*ABOUT THIS EXERCISE*
What you write must match, character for character, the lines from the one with "Habitación de hotel" down to the one with "istock Skilled dancer" in the listing below, minus its pictures.

*MATERIAL SHOWN*

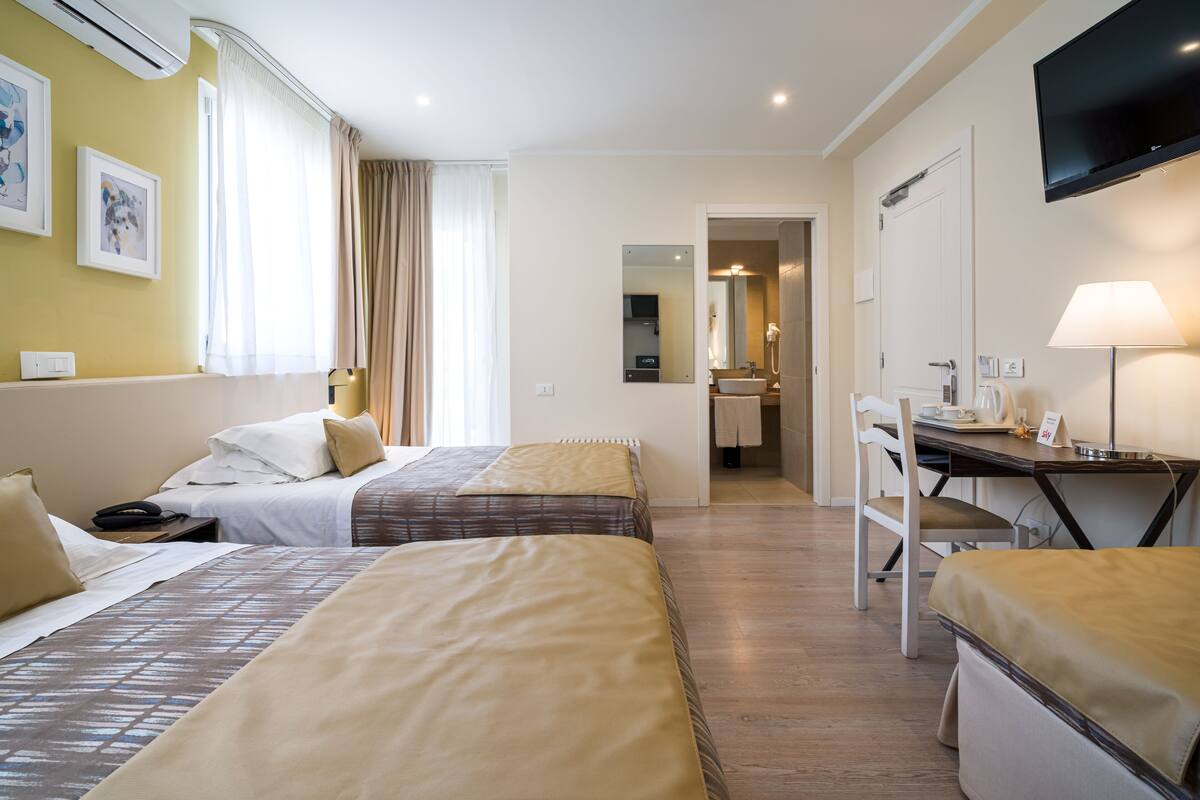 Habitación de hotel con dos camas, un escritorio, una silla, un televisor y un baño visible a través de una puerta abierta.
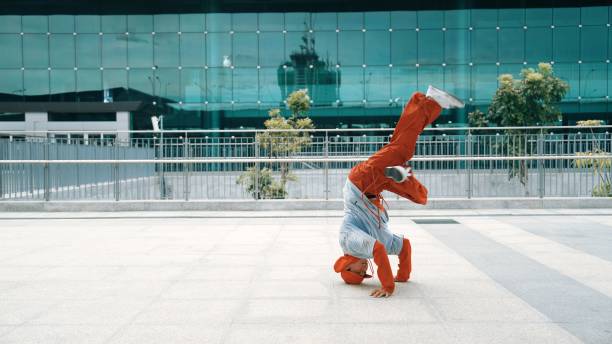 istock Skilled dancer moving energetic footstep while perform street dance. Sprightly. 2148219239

* * *

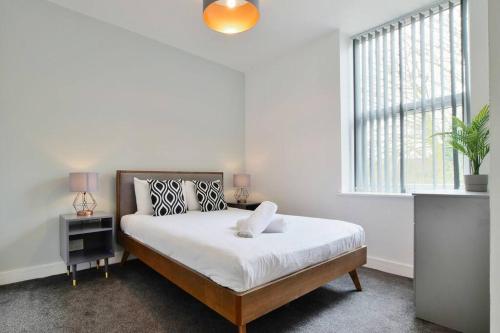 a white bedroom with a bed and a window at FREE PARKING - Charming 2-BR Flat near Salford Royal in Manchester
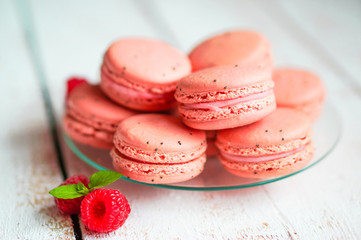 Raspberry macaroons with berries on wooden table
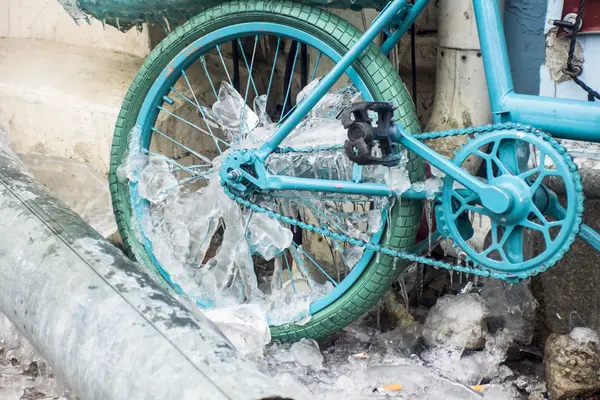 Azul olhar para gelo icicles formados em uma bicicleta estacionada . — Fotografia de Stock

*SOLUTION FOR THIS TASK*
 Habitación de hotel con dos camas, un escritorio, una silla, un televisor y un baño visible a través de una puerta abierta.
 istock Skilled dancer moving energetic footstep while perform street dance. Sprightly. 2148219239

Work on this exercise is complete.